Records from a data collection
————
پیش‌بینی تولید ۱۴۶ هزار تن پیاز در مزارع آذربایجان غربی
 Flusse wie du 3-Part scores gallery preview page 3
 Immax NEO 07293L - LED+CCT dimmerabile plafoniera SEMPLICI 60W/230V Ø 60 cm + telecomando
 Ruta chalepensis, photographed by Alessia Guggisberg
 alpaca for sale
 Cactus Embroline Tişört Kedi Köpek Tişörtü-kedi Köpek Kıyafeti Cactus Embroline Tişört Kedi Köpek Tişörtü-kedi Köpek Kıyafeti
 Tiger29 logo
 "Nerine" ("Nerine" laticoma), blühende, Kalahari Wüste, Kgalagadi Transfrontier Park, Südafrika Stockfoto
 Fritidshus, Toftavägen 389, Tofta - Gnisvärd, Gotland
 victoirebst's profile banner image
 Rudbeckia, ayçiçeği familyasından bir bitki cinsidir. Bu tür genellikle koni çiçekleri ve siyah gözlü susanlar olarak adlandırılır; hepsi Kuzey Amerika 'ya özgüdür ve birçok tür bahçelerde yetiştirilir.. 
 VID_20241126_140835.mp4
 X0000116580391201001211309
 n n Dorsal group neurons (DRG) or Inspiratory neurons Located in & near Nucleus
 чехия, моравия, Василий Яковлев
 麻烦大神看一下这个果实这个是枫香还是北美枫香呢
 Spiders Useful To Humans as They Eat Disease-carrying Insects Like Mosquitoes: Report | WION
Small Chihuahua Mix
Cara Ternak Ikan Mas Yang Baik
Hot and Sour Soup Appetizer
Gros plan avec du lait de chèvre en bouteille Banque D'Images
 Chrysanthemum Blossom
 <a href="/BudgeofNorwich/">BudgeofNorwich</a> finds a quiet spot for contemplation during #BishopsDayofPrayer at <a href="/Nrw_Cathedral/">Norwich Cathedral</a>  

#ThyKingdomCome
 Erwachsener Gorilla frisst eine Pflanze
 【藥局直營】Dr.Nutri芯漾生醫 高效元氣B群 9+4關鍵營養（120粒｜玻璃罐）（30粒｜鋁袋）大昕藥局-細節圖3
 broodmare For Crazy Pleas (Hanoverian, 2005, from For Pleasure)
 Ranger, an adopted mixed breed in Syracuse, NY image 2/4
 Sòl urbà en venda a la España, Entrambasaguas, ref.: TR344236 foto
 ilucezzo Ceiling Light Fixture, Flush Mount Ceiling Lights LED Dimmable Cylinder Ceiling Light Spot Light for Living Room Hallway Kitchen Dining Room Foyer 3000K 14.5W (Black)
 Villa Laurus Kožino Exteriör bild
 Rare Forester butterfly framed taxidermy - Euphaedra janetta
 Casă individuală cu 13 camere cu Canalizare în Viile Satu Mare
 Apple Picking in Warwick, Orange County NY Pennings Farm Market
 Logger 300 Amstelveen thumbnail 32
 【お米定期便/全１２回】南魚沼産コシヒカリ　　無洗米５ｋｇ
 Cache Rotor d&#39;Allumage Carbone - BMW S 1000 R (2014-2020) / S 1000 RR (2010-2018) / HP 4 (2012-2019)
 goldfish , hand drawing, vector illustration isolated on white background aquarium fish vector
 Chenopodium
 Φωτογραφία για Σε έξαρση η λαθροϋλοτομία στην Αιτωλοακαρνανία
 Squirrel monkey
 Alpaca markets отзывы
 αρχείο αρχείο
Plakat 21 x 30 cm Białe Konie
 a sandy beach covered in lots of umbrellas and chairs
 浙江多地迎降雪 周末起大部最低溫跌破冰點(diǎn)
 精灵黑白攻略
————
Beginning at the line that holds "Erwachsener Gorilla frisst eine Pflanze", write out word for word each line through the end of the records.

 Erwachsener Gorilla frisst eine Pflanze
 【藥局直營】Dr.Nutri芯漾生醫 高效元氣B群 9+4關鍵營養（120粒｜玻璃罐）（30粒｜鋁袋）大昕藥局-細節圖3
 broodmare For Crazy Pleas (Hanoverian, 2005, from For Pleasure)
 Ranger, an adopted mixed breed in Syracuse, NY image 2/4
 Sòl urbà en venda a la España, Entrambasaguas, ref.: TR344236 foto
 ilucezzo Ceiling Light Fixture, Flush Mount Ceiling Lights LED Dimmable Cylinder Ceiling Light Spot Light for Living Room Hallway Kitchen Dining Room Foyer 3000K 14.5W (Black)
 Villa Laurus Kožino Exteriör bild
 Rare Forester butterfly framed taxidermy - Euphaedra janetta
 Casă individuală cu 13 camere cu Canalizare în Viile Satu Mare
 Apple Picking in Warwick, Orange County NY Pennings Farm Market
 Logger 300 Amstelveen thumbnail 32
 【お米定期便/全１２回】南魚沼産コシヒカリ　　無洗米５ｋｇ
 Cache Rotor d&#39;Allumage Carbone - BMW S 1000 R (2014-2020) / S 1000 RR (2010-2018) / HP 4 (2012-2019)
 goldfish , hand drawing, vector illustration isolated on white background aquarium fish vector
 Chenopodium
 Φωτογραφία για Σε έξαρση η λαθροϋλοτομία στην Αιτωλοακαρνανία
 Squirrel monkey
 Alpaca markets отзывы
 αρχείο αρχείο
Plakat 21 x 30 cm Białe Konie
 a sandy beach covered in lots of umbrellas and chairs
 浙江多地迎降雪 周末起大部最低溫跌破冰點(diǎn)
 精灵黑白攻略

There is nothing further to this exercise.